## CIFAR-10

This notebook contains our experiment with forward gradient vs. backproagation for the CIFAR-10 dataset. 

#### Setup

In [None]:
# Run once
# CPU only: !pip install torch==1.11.0 torchvision==0.12.0 torchaudio==0.11.0 -f https://download.pytorch.org/whl/cpu/torch_stable.html
!pip install --pre torch -f https://download.pytorch.org/whl/nightly/cpu/torch_nightly.html --upgrade
!pip install functorch
print("--> Restarting colab instance") 
get_ipython().kernel.do_shutdown(True)

In [None]:
!git clone https://github.com/benjaminrike1/forward_gradient

In [None]:
cd forward_gradient

In [None]:
import torch
import torch.nn as nn
import torch.nn.functional as F

import torchvision
import functorch as ft

import numpy as np
from functools import partial

import matplotlib.pyplot as plt
import seaborn as sns

from optim_functions import beale, rosenbrock
from helpers import optimize
from plot_helpers import plot_loss, plot_countour, plot_contour2
from loss import functional_xent, softmax, clamp_probs, _xent
from optimizers import ForwardSGD
from models import Net, ConvNet, LogisticRegression

torch.manual_seed(0)


## CIFAR-10

In [None]:
transform = torchvision.transforms.Compose([
    torchvision.transforms.ToTensor()
])


mnist_train = torchvision.datasets.CIFAR10(
    '/tmp/data',
    train=True, 
    download=True, 
    transform=transform
)
train_data_loader = torch.utils.data.DataLoader(mnist_train, 
                                          batch_size=64, 
                                          shuffle=True)

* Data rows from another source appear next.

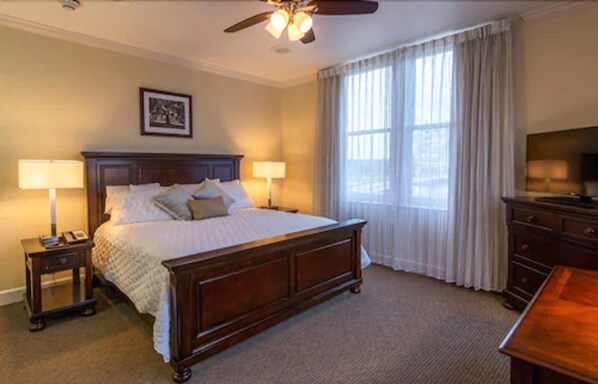 Suite empresarial | Ropa de cama de alta calidad, escritorio, insonorización y wifi gratis 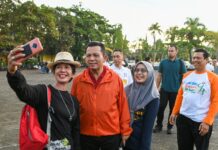 read news- Kemeriahan Reuni SMAN 2 Tanjungpinang Dihadiri Gubernur Gubernur kepri ansar Ahmad saat melepas peserta jalan santai di Reuni SMAN 2 Tanjungpinang. (Foto : dwi susilo - batamtv.com)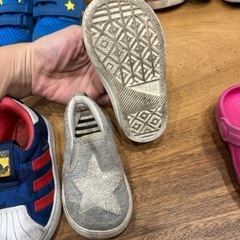 スリッポンタイプ、靴、シューズとサンダルの画像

mnist_test = torchvision.datasets.CIFAR10(
    '/tmp/data',
    train=False, 
    download=True, 
    transform=transform
)
test_data_loader = torch.utils.data.DataLoader(mnist_test, 
                                              batch_size=64,
                                              shuffle=True)

## Neural Network

### SGD

In [None]:
device = torch.device("cuda" if torch.cuda.is_available() else "cpu")

Forward gradient:

In [None]:
net = Net().to(device) # defining net

# making the net functional to run the code in functorch
# for evaluating the Jacobian-vector product
func, params = ft.make_functional(net)

# removing requires gradient as it will not be used
# for the forward AD
for param in params:
    param.requires_grad_(False)

# defining our optimizer
opt = ForwardSGD(func, functional_xent, params, lr=2e-4, momentum = False, decay=1e-5)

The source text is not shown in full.